Gellenbeck ergänzte, dass es auf der Kostenseite eine wesentliche Rolle spiele, ob etwa die Gebühren über die Eigentümer oder weiterhin über die Mieter eingezogen würden, ob es jährlich nur noch zwei statt wie bisher fünf Termine für die Grünschnittabfuhr gebe oder ob der Biobeutel durch eine Biotonne ersetzt werde.

Erstaunen rief Gellenbeck hervor, als er die Anwesenden um ein Meinungsbild bat. Dabei zeigte sich eine leichte Zustimmung für das erwogene Leerungszählsystem, eine klare Mehrheit dafür, dass der Mieter der Gebührenschuldner bleibt sowie eine knappe Tendenz für die Einführung einer Biotonne und das Festhalten an einer fünfmaligen Grünschnittabfuhr. Allerdings gab es zu allen Punkten zahlreiche Enthaltungen, die deutlich machten, dass die Meinungsbildung schwerfällt.

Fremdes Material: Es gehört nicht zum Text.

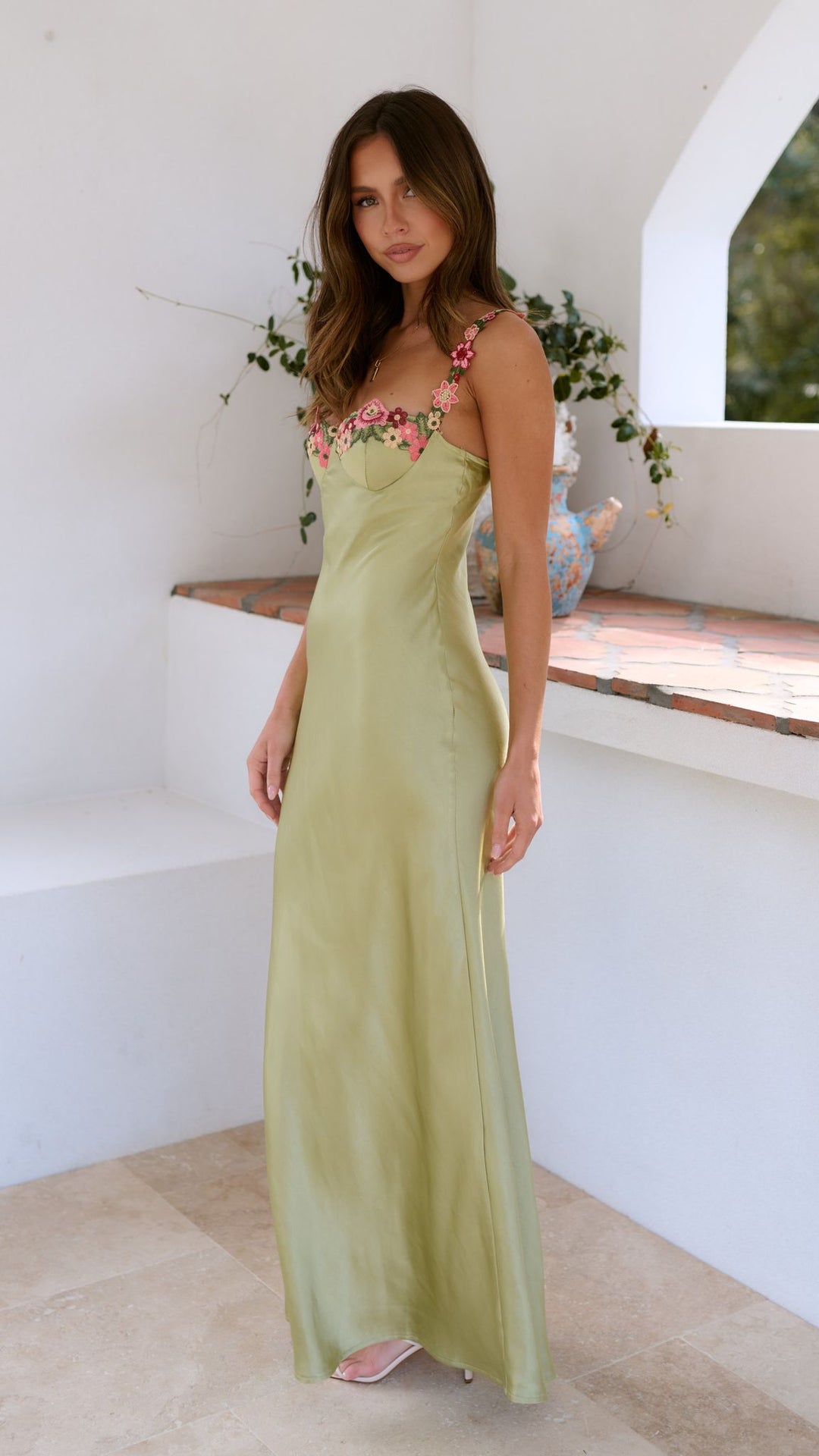 Woman wearing a light green dress with floral details in a bright room.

Vor diesem Problem dürften gewiss auch etliche der zahlreich anwesenden Kreisräte stehen, die das neue Konzept in ihrer Sitzung am 22. März festklopfen sollen. Die stellenweise geäußerte Kritik, dass die Entscheidung damit übers Knie gebrochen werde, wies der Landrat Wolff zurück. „Es gibt keinen Grund, sie zu vertagen“, sagte er. Dirk Hausmann machte deutlich, „dass wir den Termin einhalten müssen, um 2022 mit dem Konzept zu starten“.